He didn’t know her, probably didn’t want to know her either, after she came on to him in the bar and had since regaled him with what he obviously considered to be the imaginings of a hysterical woman.
But she wasn’t about to admit defeat that easily. After all, he was still listening to her, and he had brought her back to his home with him too.
A house totally devoid of any Christmas decorations, she had noticed as they walked through the hallways to his study. Not that it was unusual for a man living alone not to bother with a tree or decorations, but she hadn’t seen so much as a Christmas card on show either. Surely Seth received Christmas cards? A lot of people sent e-cards nowadays, but there was still a few people who—
“Now tell me about being followed?”
She grimaced. “I was supersensitive after the things were moved in my apartment, and then I saw the same man a couple of times, in completely unrelated places. I thought I saw him at the airport earlier today too.” She shook her head. “I don’t understand why anyone would want to follow me.”

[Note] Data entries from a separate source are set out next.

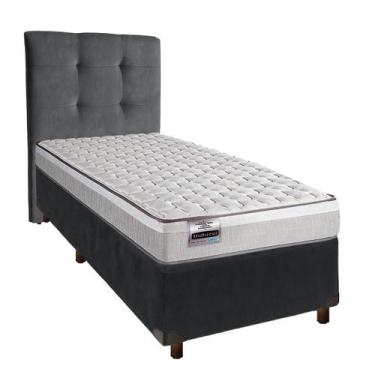 Imagem de Cama Box + Colchão Solteiro Molas Ensacadas Hanover Inducol + Cabeceir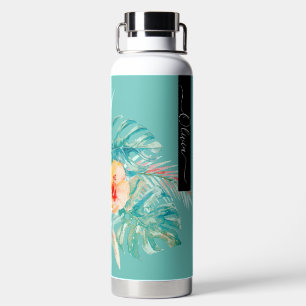 Bouteille D'eau PixDezines Aquarelle Tropical Paradise Fleurs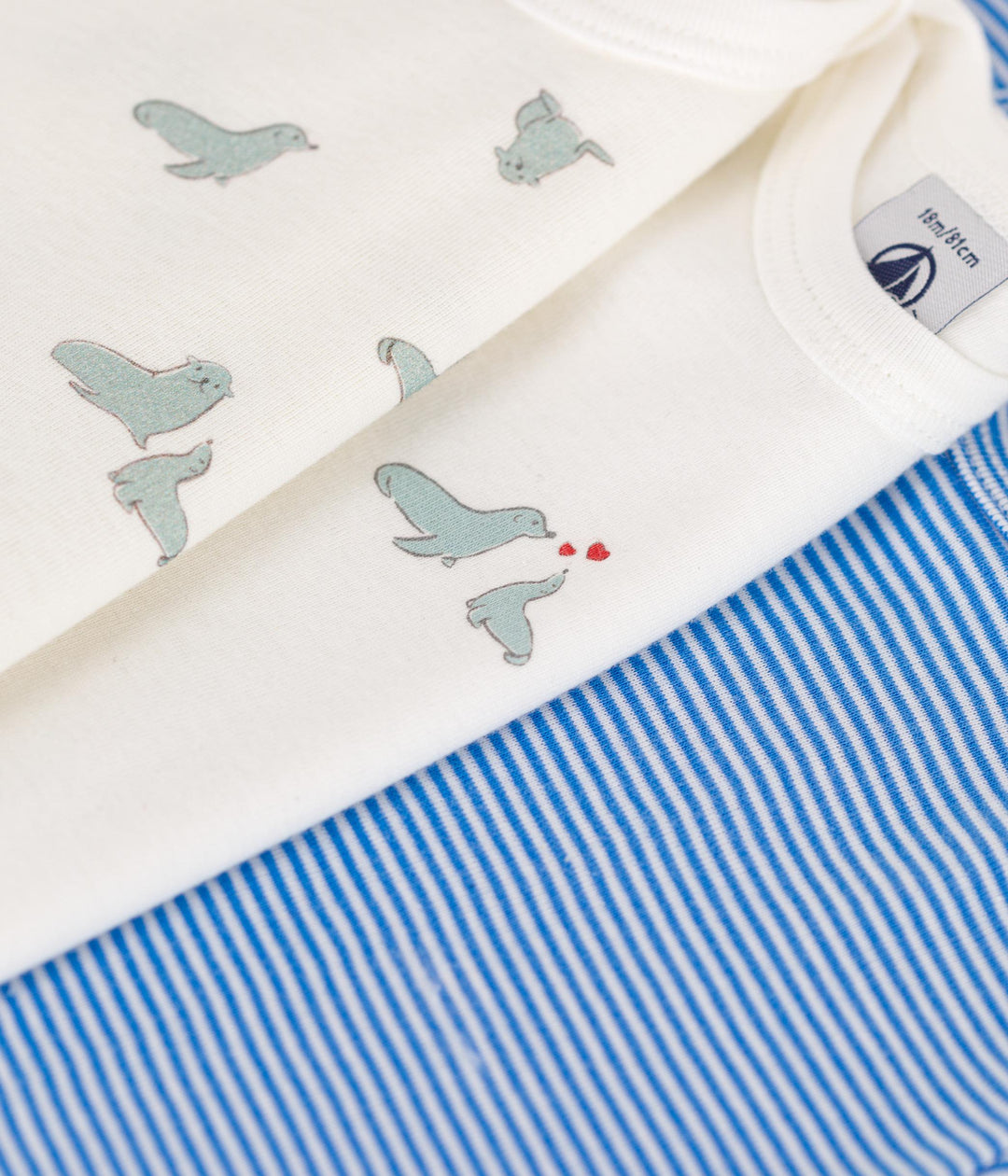 Set da 3 body a maniche corte in cotone con stampa righe e foche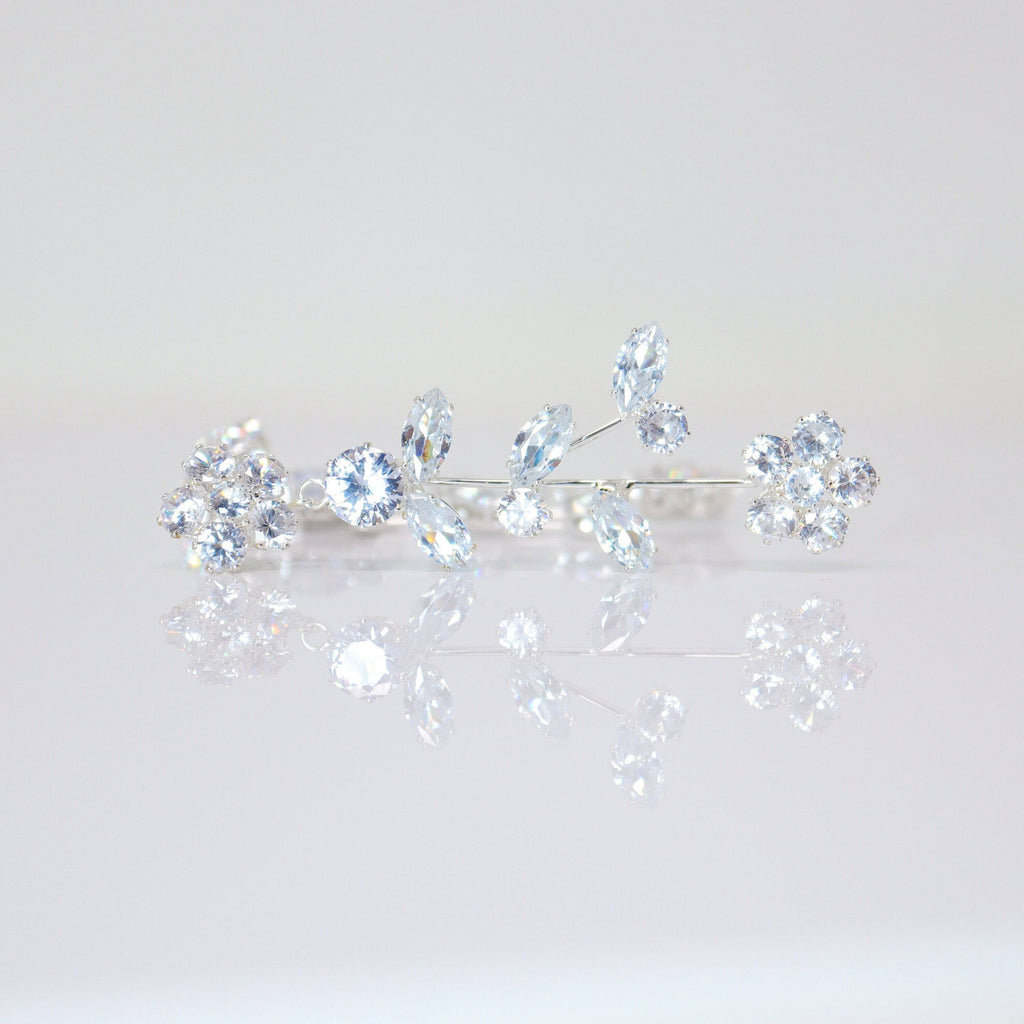 Swarovski Crystal Vine Leaves Flower Drop Earrings, Bridal Jewelry, Bridal Earrings, Crystal Bridal Earrings, Statement Earrings Cz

Seth would like to know the why of this situation too. If indeed someone had been in her apartment and was now following her.
Which was still in question.
What could this woman possibly have that someone else wanted so desperately they had gone to these lengths already in order to find it?
Diana said she worked in a museum, and presumably there would be valuable, possibly priceless, items on show and stored there. Maybe her “feelings” had something to do with that?
But that still didn’t explain why anyone would need to break into her apartment.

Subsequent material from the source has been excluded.